Está na mira da Procuradoria-Geral da República a lei que autoriza a Comissão de Averiguação e Análise de Informações Sigilosas, subordinada ao Poder Executivo, a prorrogar indefinidamente o prazo de sigilo dos documentos classificados no mais alto grau de confidencialidade. A medida afetou especialmente os documentos da ditadura militar. O procurador-geral da República, Antonio Fernando Souza, entrou com Ação Direta de Inconstitucionalidade contra a lei no Supremo Tribunal Federal.
A ADI é contra a Lei 11.111/2005. Inicialmente, a matéria era tratada na Lei 8.159/1991, que foi modificada pela Medida Provisória 228 em 2004, mais tarde convertida na Lei 11.111. A regra prevê, por exemplo, o prazo de até 100 anos de sigilo de documentos referente à honra e à imagem das pessoas.

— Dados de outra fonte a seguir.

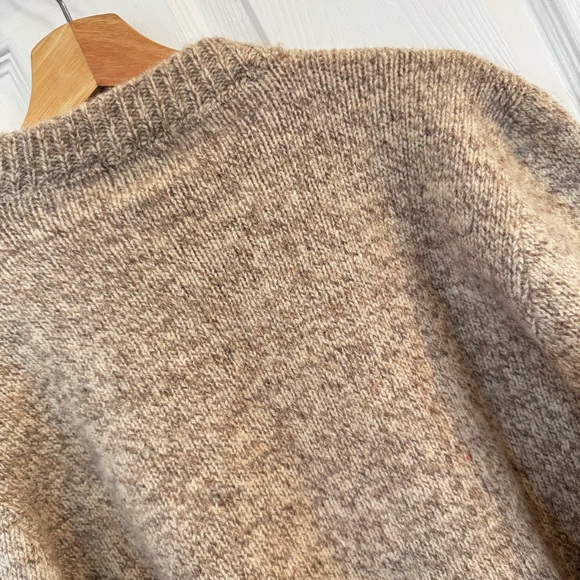 Vintage Rugged American Wool Crewneck Sweater Made USA Large See Measurements - Picture 7 of 8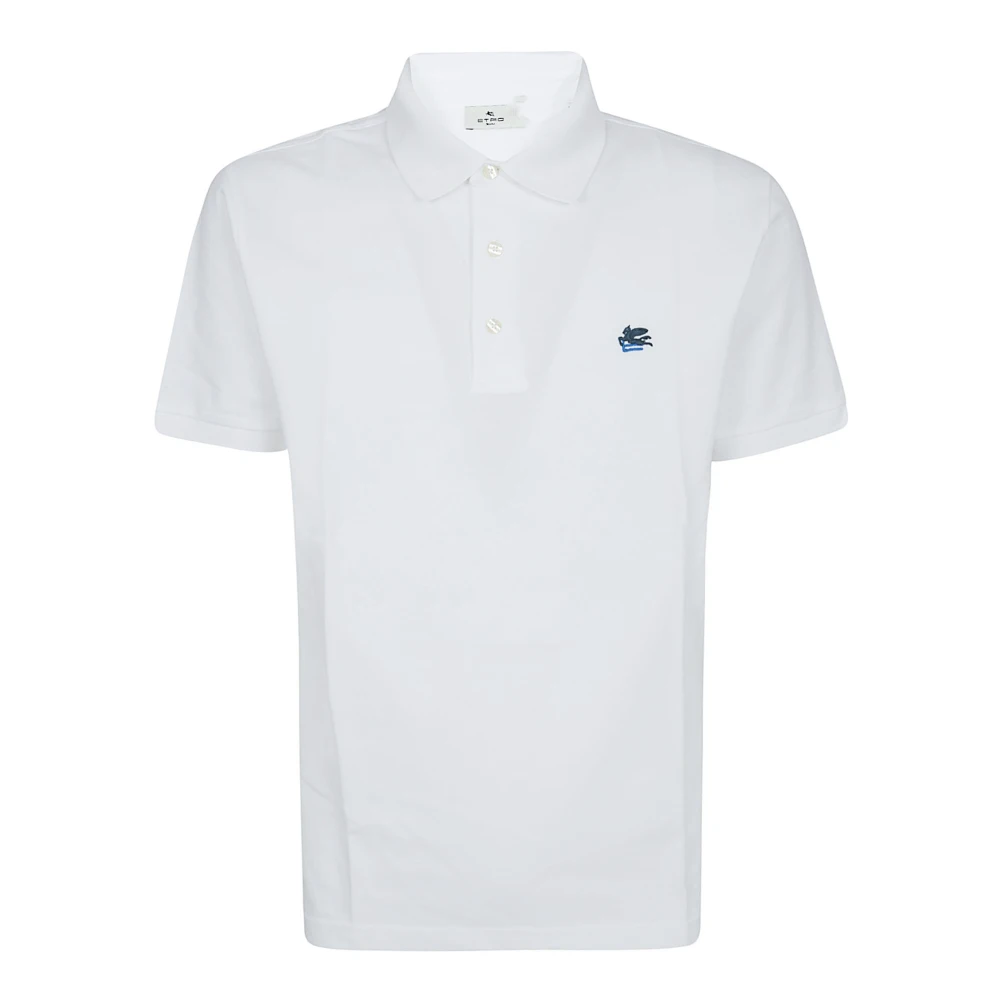 Etro Men's White Polo Roma - Polo Shirts - 2XL - Tops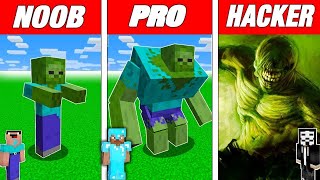 MUTANT ZOMBIE CHALLENGE - NOOB vs PRO vs HACKER / Minecraft Battle Animation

Antonio Fernando argumenta que a matéria não poderia ser tratada por Medida Provisória. Isso porque ela não atende os requisitos constitucionais de relevância e urgência. Além disso, a Constituição veda a edição de MPs que tratem sobre “nacionalidade, cidadania, direitos políticos, partidos políticos e direito eleitoral”. O procurador-geral afirma que cidadania e direitos políticos não se resumem a votar e ser votado, mas incluem a participação no processo político. “O pressuposto dessa atuação é exatamente o direito à informação”, afirma.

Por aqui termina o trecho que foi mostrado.